Supongamos que, igualmente, los colombianos pasaríamos de agache que el presidente Duque, en aras de esa paz bizarra, renuncie a modificar algunos aspectos del APSF. Y muchas otras cosas indigeribles que nos empujarán a las malas por nuestro esófago.
Pero, y el "pero" no es caprichoso y es bien grande, resulta que ni así, es decir, que ni sacrificando nuestras legítimas aspiraciones de justicia, transicional claro está, ni nuestro derecho a superar las graves falencias socioeconómicas, o el derecho de las víctimas a ser reparadas, observamos un cuadro esperanzador de paz.
El mismo día en que el señor Arnault le decía esas palabras al presidente Duque, las mal llamadas disidencias de las Fuerzas Armadas Revolucionarias de Colombia (FARC) asesinaban a tres jóvenes geólogos y herían a varios más de un grupo de civiles desarmados contra los que abrieron fuego sin ton ni son.
Esas "disidencias", según una crónica del New York Times, que en principio estaban conformadas por unos centenares de guerrilleros que no acataron la orden de desmovilizarse, ahora pueden haber recibido el 40% de los ocupantes de las zonas de transición que las han abandonado.
La deserción de jefes del Secretariado de las FARC como Iván Márquez, "El Paisa", "Romaña", que otros, como Joaquín Gómez, vivan en las sombras sin presentarse a su Justicia, es decir, a la JEP, además de los que se quedaron en las selvas a manera de retaguardia por si fracasa la paz, es una situación cuya gravedad no puede ser minimizada ni por el Gobierno nacional ni mucho menos por la Misión ONU garante de ese acuerdo.
Las disidencias están atacando comunidades, lucrándose del floreciente narcotráfico, comprando armas. Asesinaron cruelmente a tres periodistas ecuatorianos, asaltan bases militares, matan soldados y policías de una fuerza pública que cree vivir en un país en paz.
Agréguese a ese panorama inquietante el accionar terrorista del ELN con sus secuestros, emboscadas y ataques a la infraestructura y con sus exigencias para negociar en condiciones de impunidad similares, como no, a las de sus epígonos farianos.
Y, por supuesto, cómo no tener en cuenta la presencia de violentas bandas criminales en zonas rurales y urbanas que viven del narcotráfico y en enfrentamientos ocasionales con otros grupos ilegales con los que se disputan el control de los cientos de miles de hectáreas sembradas de coca que dejó el APSF.
De manera que no es mala fe, no es egoísmo, no es amor a la guerra, no es que seamos pendencieros, no es que no deseemos la paz, lo que hace que la inmensa mayoría de colombianos desconfiemos de las bondades de un acuerdo mal hecho.

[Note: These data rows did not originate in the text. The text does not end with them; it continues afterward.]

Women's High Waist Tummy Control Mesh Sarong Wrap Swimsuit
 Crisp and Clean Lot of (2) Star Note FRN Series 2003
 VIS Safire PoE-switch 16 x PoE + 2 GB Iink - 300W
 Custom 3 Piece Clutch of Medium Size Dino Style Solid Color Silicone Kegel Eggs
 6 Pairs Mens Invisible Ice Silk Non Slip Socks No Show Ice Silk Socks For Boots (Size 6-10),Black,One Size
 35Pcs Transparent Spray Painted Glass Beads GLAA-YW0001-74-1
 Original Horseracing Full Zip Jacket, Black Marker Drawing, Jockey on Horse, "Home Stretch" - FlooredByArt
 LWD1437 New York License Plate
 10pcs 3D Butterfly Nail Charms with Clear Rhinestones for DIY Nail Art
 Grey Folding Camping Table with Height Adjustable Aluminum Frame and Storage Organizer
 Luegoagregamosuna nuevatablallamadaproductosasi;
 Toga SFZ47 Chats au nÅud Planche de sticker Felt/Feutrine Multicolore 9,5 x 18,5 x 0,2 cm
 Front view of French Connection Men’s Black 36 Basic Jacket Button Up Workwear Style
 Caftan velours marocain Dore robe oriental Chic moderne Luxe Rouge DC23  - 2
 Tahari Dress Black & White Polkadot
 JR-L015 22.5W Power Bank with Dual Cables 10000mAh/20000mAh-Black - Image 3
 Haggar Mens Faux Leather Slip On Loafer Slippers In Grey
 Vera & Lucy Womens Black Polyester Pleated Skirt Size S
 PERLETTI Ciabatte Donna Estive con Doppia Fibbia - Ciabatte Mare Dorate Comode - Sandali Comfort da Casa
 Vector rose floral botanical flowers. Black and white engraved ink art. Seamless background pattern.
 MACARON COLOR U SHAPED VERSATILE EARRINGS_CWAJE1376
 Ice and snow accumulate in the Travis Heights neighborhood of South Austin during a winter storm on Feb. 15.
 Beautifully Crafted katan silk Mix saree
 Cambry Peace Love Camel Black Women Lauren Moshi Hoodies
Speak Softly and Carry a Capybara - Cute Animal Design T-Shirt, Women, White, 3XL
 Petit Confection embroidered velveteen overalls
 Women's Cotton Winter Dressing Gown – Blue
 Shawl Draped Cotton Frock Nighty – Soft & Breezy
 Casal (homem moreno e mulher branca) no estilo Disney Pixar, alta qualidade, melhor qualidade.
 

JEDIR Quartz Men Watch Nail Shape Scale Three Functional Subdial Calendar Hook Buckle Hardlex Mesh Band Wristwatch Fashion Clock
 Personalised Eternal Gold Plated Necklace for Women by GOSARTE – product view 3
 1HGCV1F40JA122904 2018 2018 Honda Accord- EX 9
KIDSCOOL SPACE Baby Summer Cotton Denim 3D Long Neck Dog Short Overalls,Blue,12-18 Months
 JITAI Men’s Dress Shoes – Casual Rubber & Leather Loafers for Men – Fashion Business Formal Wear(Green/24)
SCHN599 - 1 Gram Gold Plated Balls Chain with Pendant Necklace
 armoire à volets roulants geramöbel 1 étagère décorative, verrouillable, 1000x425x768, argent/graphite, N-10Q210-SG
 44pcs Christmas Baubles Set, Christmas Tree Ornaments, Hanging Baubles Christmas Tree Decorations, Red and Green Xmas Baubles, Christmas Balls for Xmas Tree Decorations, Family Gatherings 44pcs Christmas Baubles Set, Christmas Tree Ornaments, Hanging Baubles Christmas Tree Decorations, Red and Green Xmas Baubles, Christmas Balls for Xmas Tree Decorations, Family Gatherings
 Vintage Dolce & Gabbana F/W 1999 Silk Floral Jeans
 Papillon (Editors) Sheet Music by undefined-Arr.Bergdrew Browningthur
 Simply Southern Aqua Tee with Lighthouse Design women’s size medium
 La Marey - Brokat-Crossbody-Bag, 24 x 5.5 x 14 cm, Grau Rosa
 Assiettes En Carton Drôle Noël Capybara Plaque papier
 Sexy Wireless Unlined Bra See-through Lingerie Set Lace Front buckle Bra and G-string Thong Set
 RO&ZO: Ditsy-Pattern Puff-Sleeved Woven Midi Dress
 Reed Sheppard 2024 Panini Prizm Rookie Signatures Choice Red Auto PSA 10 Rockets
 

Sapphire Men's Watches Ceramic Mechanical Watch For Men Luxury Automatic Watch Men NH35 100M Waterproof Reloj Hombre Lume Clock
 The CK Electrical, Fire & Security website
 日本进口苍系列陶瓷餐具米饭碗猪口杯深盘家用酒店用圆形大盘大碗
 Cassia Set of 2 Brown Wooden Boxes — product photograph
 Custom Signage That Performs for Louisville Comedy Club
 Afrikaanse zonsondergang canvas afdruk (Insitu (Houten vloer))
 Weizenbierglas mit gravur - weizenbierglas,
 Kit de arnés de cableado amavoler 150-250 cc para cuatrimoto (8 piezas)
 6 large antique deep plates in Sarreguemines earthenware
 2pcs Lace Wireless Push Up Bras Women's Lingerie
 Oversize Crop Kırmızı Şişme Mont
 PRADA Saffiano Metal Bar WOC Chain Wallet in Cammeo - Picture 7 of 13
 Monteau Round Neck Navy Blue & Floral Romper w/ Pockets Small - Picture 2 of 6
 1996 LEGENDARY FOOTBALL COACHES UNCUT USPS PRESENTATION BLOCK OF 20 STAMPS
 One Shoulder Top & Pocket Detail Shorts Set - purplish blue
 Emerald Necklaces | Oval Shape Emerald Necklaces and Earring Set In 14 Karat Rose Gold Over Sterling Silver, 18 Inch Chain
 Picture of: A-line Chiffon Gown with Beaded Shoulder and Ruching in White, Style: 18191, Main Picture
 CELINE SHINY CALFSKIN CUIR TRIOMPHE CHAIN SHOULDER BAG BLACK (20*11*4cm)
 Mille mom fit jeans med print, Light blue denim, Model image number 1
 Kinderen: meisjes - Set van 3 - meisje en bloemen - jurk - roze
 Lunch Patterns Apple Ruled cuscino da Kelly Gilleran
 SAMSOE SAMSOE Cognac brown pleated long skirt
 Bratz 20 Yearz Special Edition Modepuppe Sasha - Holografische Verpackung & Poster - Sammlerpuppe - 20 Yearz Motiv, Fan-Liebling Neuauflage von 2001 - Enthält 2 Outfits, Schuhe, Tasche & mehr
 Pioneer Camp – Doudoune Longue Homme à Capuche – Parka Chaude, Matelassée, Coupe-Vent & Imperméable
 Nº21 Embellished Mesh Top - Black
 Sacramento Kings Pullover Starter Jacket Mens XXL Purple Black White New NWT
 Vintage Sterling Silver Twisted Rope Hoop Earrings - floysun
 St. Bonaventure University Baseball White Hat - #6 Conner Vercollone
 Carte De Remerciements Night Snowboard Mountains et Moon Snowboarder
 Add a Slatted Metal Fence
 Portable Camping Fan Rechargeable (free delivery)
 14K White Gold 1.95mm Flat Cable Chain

Son las realidades que vemos en la palabra de una guerrilla cuyos jefes hablan con cinismo y esconden bienes para no reparar a sus víctimas y algunos de los cuales siguen, como Santrich y al parecer Márquez, traficando cocaína.
Se le puede agradecer al señor Arnault su buen deseo, pero, la verdad es que, de una persona de su rango, lo que se espera es una posición más enérgica y resuelta para con una guerrilla que a todas luces está violando lo firmado, a la que se le ha otorgado muchísimo más de lo que se merece y por encima de las leyes nacionales e internacionales. Es ella y no el Gobierno de Duque la que debe dar todo de sí para que al fin se desmovilicen todas sus estructuras "disidentes", entreguen sus bienes, reparen a sus víctimas, dejen sus actos obscenos de darle estatus de heroísmo a sus crueles actos de terror y de organizar homenajes a sus muertos.
Los colombianos no podemos dar más, rebajarnos más, humillarnos más ante los grupos ilegales que nos han maltratado por más de medio siglo.